Give an example from the reading of each of the “three concepts illuminated through teaching about alternative and indigenous gender systems in world history: 1) queer critique, 2) the historical thinking skill of contextualization, and 3) indigenous knowledge systems” (Dozono 2017, 427).
Discuss the following statement and to use examples from the essay, films, and current events. “the basic moves within queer theory is to make the familiar strange, and the strange familiar…This inverts what we take to be natural and given, and opens up space for new lines of inquiry. Through queer theory, gender non-conforming people are not the problem, but rather society and our social categories are the problem.
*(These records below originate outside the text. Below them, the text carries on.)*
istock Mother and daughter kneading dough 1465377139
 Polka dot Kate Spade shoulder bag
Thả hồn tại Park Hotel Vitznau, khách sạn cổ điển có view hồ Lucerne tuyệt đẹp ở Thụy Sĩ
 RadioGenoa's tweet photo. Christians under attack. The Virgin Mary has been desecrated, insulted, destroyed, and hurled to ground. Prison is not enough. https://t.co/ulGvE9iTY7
What if those who do not fit the gender binary are not the trouble, the problem needing to be fixed?” (Dozono 2017, 430).
Discuss the following statement and to use examples from the essay, films, and current events. “Gender is less about nature and more about contextualized cultural practices.” (Dozono 2017, 430).
Discuss the following statement and to use examples from the essay, films, and current events. “Teachers must trouble gender, ‘to show that the naturalized knowledge of gender operates as a preemptive and violent circumscription of reality.’ In other words, when we present the gender binary as the natural order and ignore the realities of gender variance acros across species, let alone our own, we conduct violence in limiting the possibilities of reality” (Dozono 2017, 430).
Discuss the following statement and to use examples from the essay, films, and current events. "’the heart of contextualized thinking is an awareness of continuity and discontinuity with the past.’ Emphasizing the skill of contextualization ensures that gender diversity is approached in all of its complexity, both in the past and present moment” (Dozono 2017, 430).
ALL: Find other quotes you love and want to talk about. Or quotes you object to…or quotes that confuse and want clarification.
ALL: Finally, consider your gender system. How would you describe it? What would you call it? Does it feel natural? What happens when you think of it as a construct? Do you know the meaning of these terms already? What are terms you have heard used to describe our gender system?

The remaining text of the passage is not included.